Key concepts of the recovery process
The recovery process begins after a problem is discovered.
IMS or the database validation program may find a pointer error. A hardware malfunction might physically damage a data set or disable a disk pack filled with IMS database data sets. Someone might discover a logic error in an IMS application program that has improperly updated several databases.
Whatever the reason, the database must be recovered to its exact state before the failure occurred. Because the database must be taken offline for recovery, it becomes unavailable to IMS users. Recovery situations commonly involve the loss of multiple database data sets. This data unavailability can critically affect a business’s success and can cost the company money!
The following types of input data can be used during the recovery process:
- During a full recovery, a copy of the database as it existed prior to the failure is used as a starting point. As a standard procedure, most installations take regular image copies of their databases for recovery purposes. A full recovery also uses records of all changes that have been made to the database since the copy was made. IMS writes these records to its log data sets. Many installations further process their logs with a change accumulation utility.
- For a roll-forward recovery, a copy of the database data sets is used as a starting point, and logged changes are applied to bring the database up to the current time.
- For a backout recovery, the existing database data sets, containing the changes that need to be backed out, are used as the starting point. Logged changes are applied to return the database to the condition it was in at a previous point in time.
Many installations also use the IMS Database Recovery Control (DBRC) feature to keep track of database data sets, image copies, and log and change accumulation data sets. The Recovery utility dynamically allocates the data sets that are involved in the recovery, helping reduce the time required to set up the recovery jobs and ensuring that all the correct data sets are included in the job.

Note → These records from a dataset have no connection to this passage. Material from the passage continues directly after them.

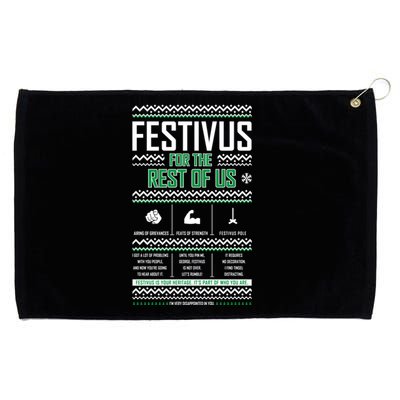 Festivus Classic Grommeted Golf Towel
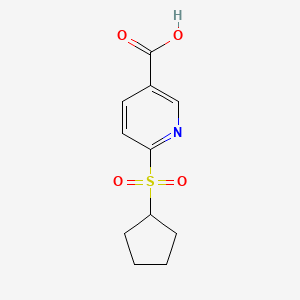 6-(Cyclopentylsulfonyl)nicotinic acid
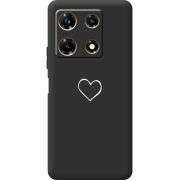 Черный чехол BoxFace Infinix Note 30 Pro 4G My Heart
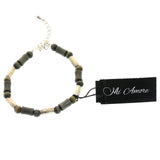 Mi Amore Fashion-Bracelet Silver-Tone/Gray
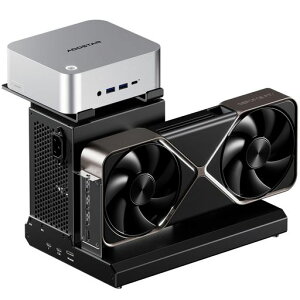 AOOSTAR EG02 �O�t�� GPU �g���{�b�N�X �f���A�� Thunderbolt5 �T���_�[�{���g 5 OCuLink PCIe4.0 x4 �C���^�[�t�F�[�X ATX/SFX �d���݊� �I�[�v���t���[���f�U�C�� �m�[�g PC GPU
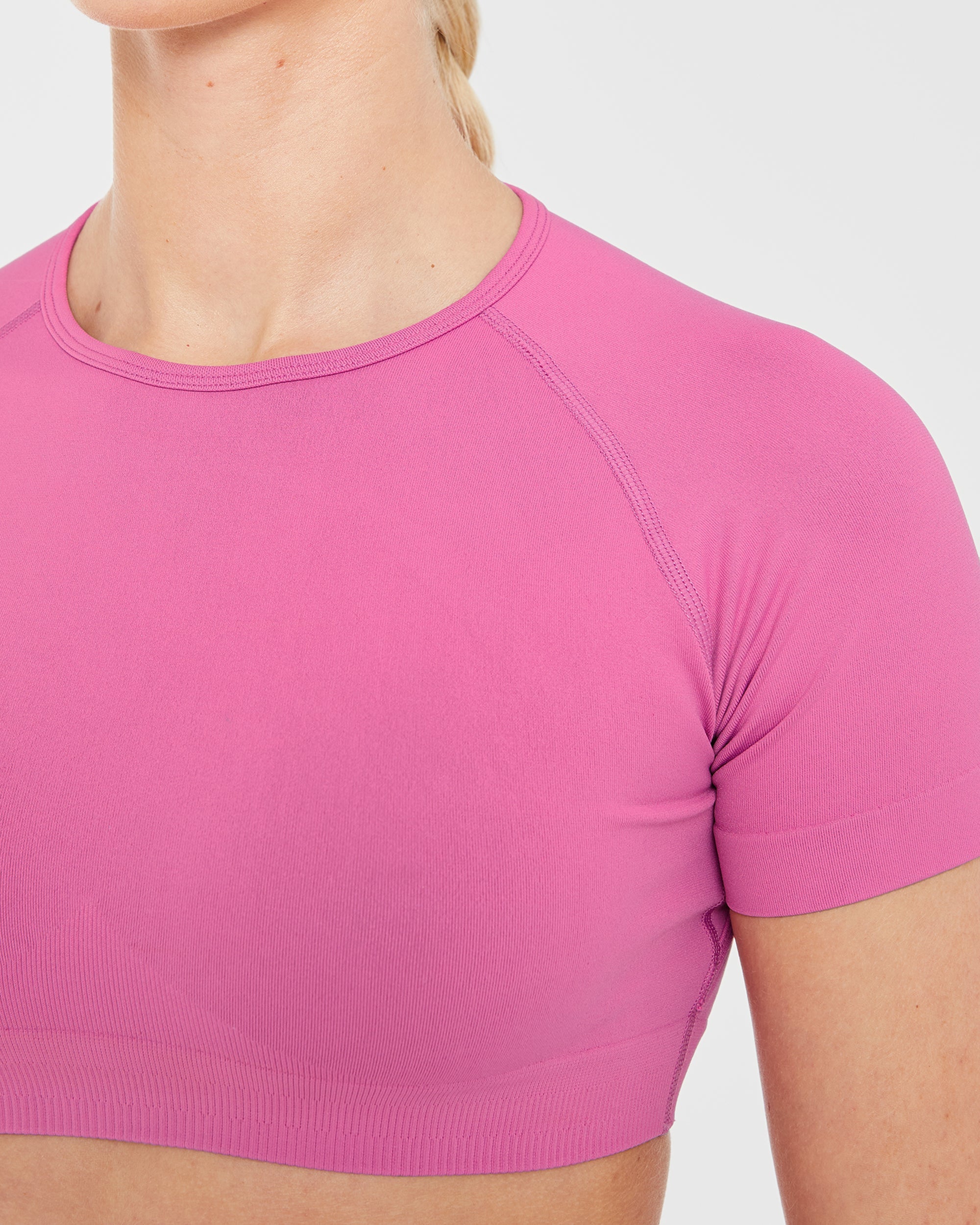 Power Seamless Crop Top - Roze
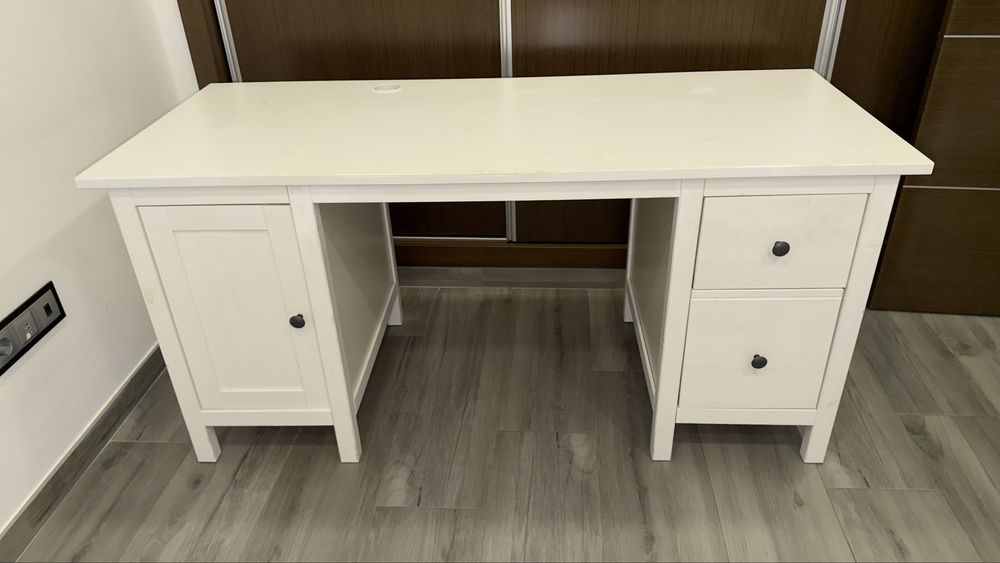 Secretária branca 155x65 cm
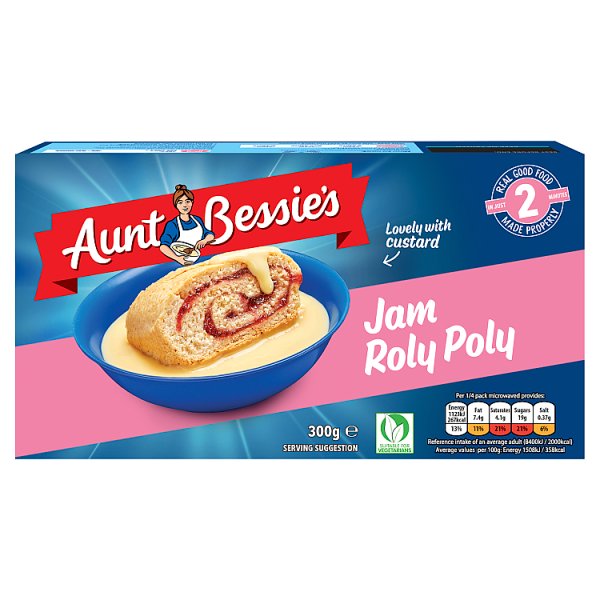 Aunt Bessies Jam Roly Poly 300G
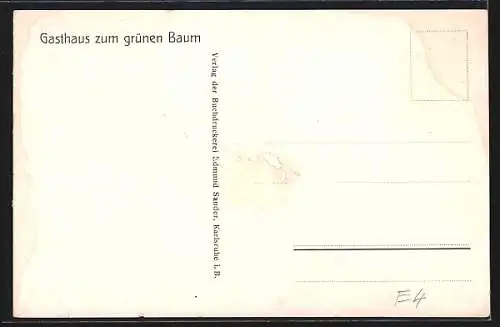 AK Langensteinbach, Totalansicht mit Kirche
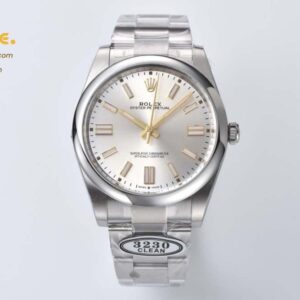 Oyster Perpetual 124300 41mm Clean Factory 1:1 Best Edition 904L Steel Silver Dial VR3230
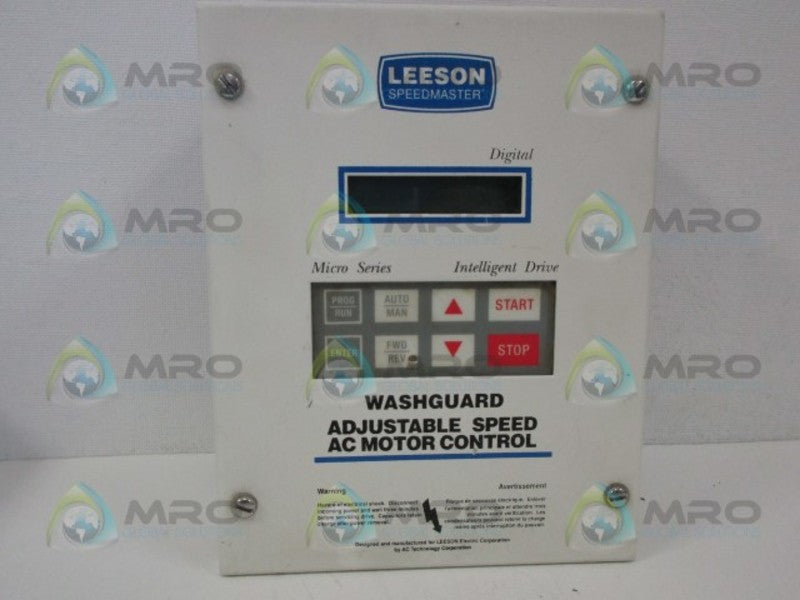 LEESON SPEEDMASTER 174528 WASHGUARD ADJUSTABLE SPEED AC MOTOR CONTROL *USED*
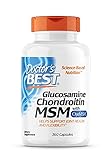 Doctor's Best, Glucosamin-Chondroitin MSM, mit OptiMSM, 360 Kapseln, Laborgeprüft, Sojafrei,...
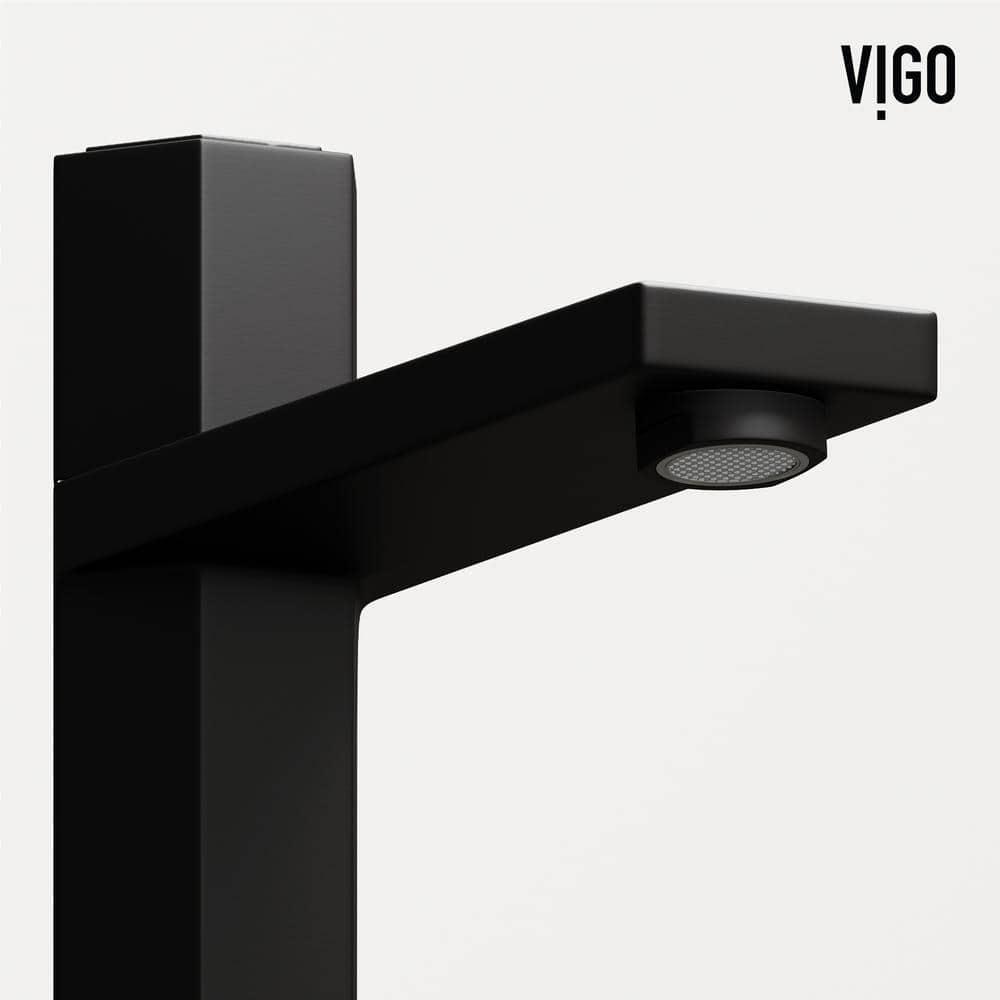 Nova 10" H Single Handle Vessel Sink Bathroom Faucet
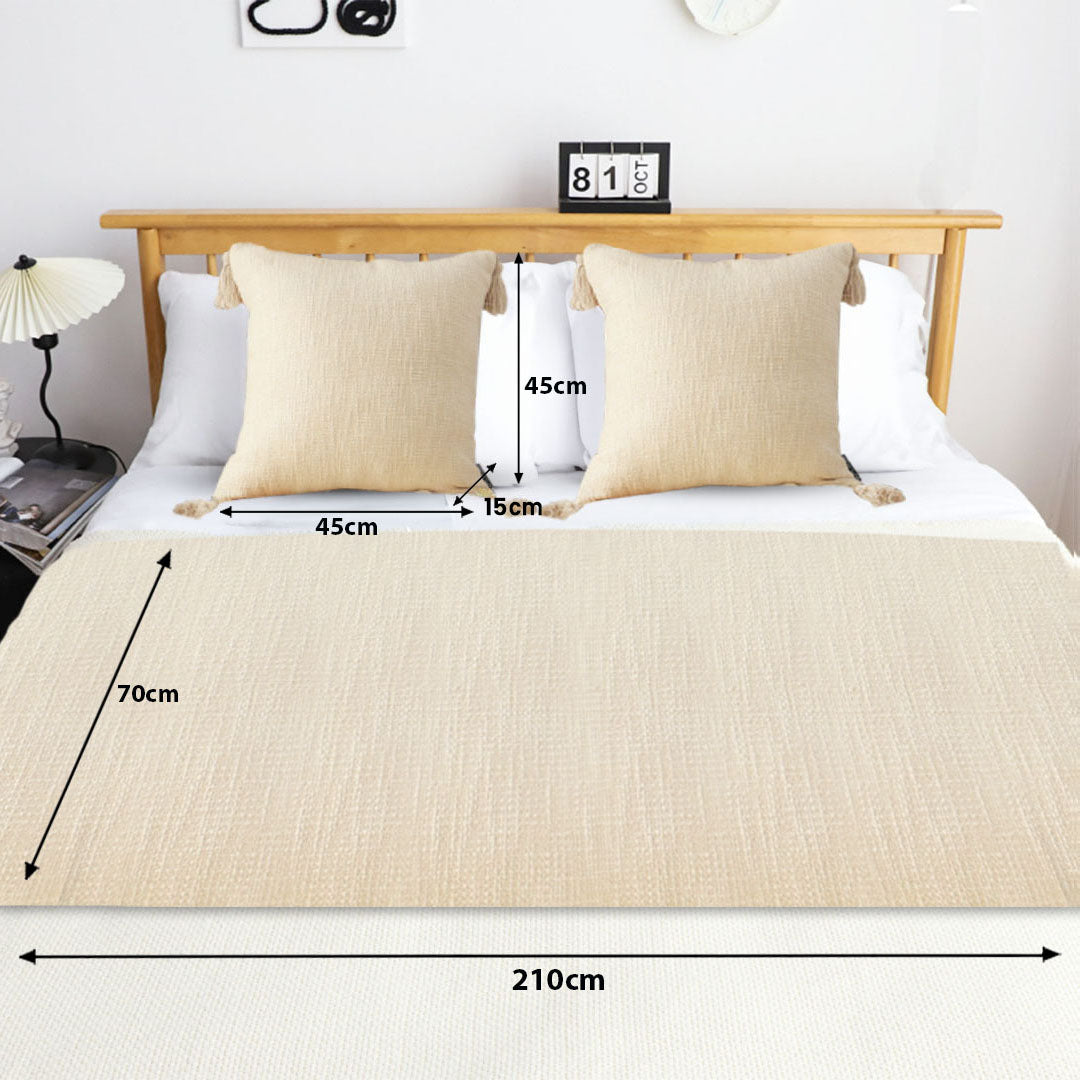 1.5m Bed Vintage Scarf Runner Bedding Tail Pad Flag For Home Hotel Set of 3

As part of the recovery process, most installations also take an image copy of the recovered database and verify its pointers to ensure the recovered database is valid.
Problems associated with conventional recovery methods
Several problems are currently associated with conventional recovery methods:
- Conventional methods recover one database data set per job step. Although the GENJCL function of DBRC can generate the JCL to recover multiple database data sets, it generates the JCL as a set of job steps that must be run serially. When the elapsed time for synchronous recovery is too great, people must manually create JCL. They usually have to run an additional job to copy the change accumulation data set from tape to disk so the multiple steps can access it concurrently.
- Recovery can be done to a valid recovery time (point) only. Creating periodic recovery points can be disruptive in continuous-availability environments.
- Each recovery job step must read the change accumulation and/or log data set(s). The same data is processed multiple times to recover multiple data sets.
- The utilities that validate pointers and take image copies must be run in a separate job step after the recovery job step(s) complete.
Recovery utility techniques
The Recovery utility addresses current problems and significantly reduces the time and resources needed to recover a database:
- The Recovery utility recovers multiple database data sets with a single pass of the change accumulation data set and system (recovery) log data sets.
- The Recovery utility can recover a database to any point in time (you specify the time to which you want to recover). It is not limited to a valid recovery as defined by DBRC. It can use a point-in-time change accumulation that is produced by the BMC Change Accumulation utility.
- Recovery tasks can be restarted automatically after failure.
- The Recovery utility can create up to 10 image copies during the recovery process with little impact on performance. The additional copies can be registered in the Recovery Manager (RMGR) repository through the Recovery Extensions feature.
- The Recovery utility can automatically handle an Instant Snapshot copy that was created by the BMC Image Copy utility. The SNAPSHOT UPGRADE FEATURE (SUF) component works with intelligent storage devices to restore an Instant Snapshot copy nearly instantaneously.
- It can restore a T0 copy that was created by the Data Base Image Copy 2 utility from IBM (program DFSUDMT0, also referred to as the T0 Copy utility).
- Depending on the product or products you have installed, the Recovery utility can invoke a function to rebuild the primary index and all secondary indexes for a recovered DL/I database.
- Depending on the product or products you have installed, the Recovery utility can invoke the Concurrent Pointer Checking feature for full function databases to validate the pointers in each recovered database.
- Depending on the product or products you have installed, the Recovery utility can invoke the Concurrent Pointer Checking feature for DEDBs to validate the pointers in each recovered DEDB.
- The Recovery utility can create duplicates of databases that can be used for inquiry-only access by offline batch applications. The duplicate databases can also be used for disaster recovery.